Death and taxes might indeed be the only certainties in life. But consider that you have some control over your taxes.
You can’t plan for retirement income without taking taxation into account. Until the other inevitability comes to pass, the IRS will continue taking its share—and it can be a doozy. Retirement income planning can ease this burden substantially, if you’re smart.
Let’s look at the tax implications of a few potential retirement income sources. Keep in mind that tax laws are subject to change, and this information is only a guide; we recommend you seek guidance from a licensed tax professional.
If the ever-evolving tax laws and investment guidelines have your head spinning, remember this: you never have to pay income taxes on the same money twice.If you’ve contributed pre-tax dollars to any kind of vehicle, including a qualified annuity, or qualified retirement account, you’ll be taxed on that money eventually. Likewise, you’ll be taxed on any gains or earnings you receive from your investments. But if your retirement income is funded with after-tax dollars, then only the gains on the premium are taxable; the payout of the premium will be income tax-free.

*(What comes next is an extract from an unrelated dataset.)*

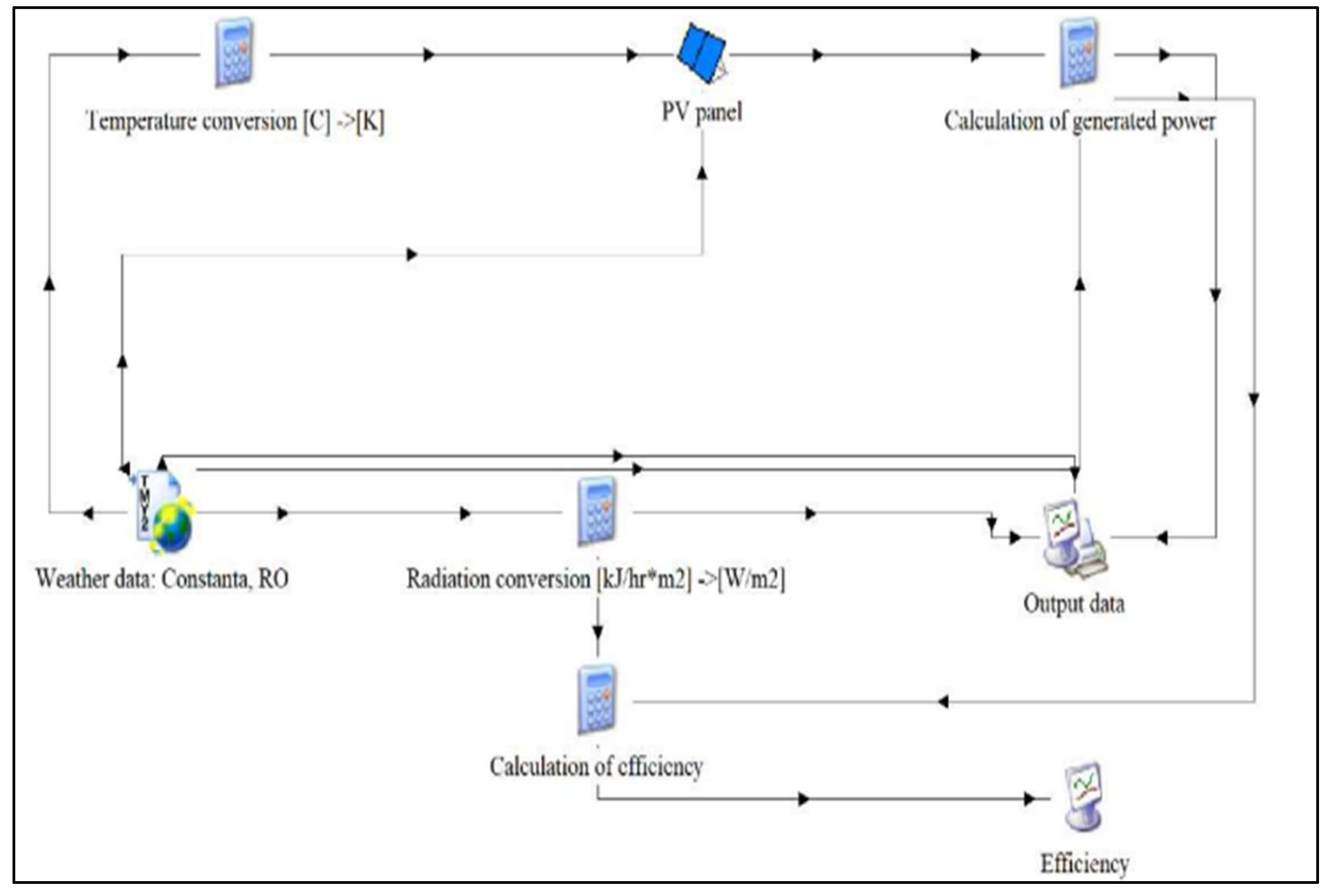 Preprints 157542 g015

A forward-thinking tax strategy for those nearing retirement is crucial for a variety of reasons. First, it can ensure retirees have sufficient funds to support themselves throughout retirement. By reducing tax liabilities, they can keep more money, increasing savings. Secondly, a well-planned strategy helps them avoid taxes on required minimum distributions and penalties, keeping tax burdens low. Finally, a tax strategy can help pass on wealth by reducing estate taxes, providing for loved ones in the future. As such, it’s vital to work with financial advisors and tax professionals to develop a tax-efficient plan for retirement.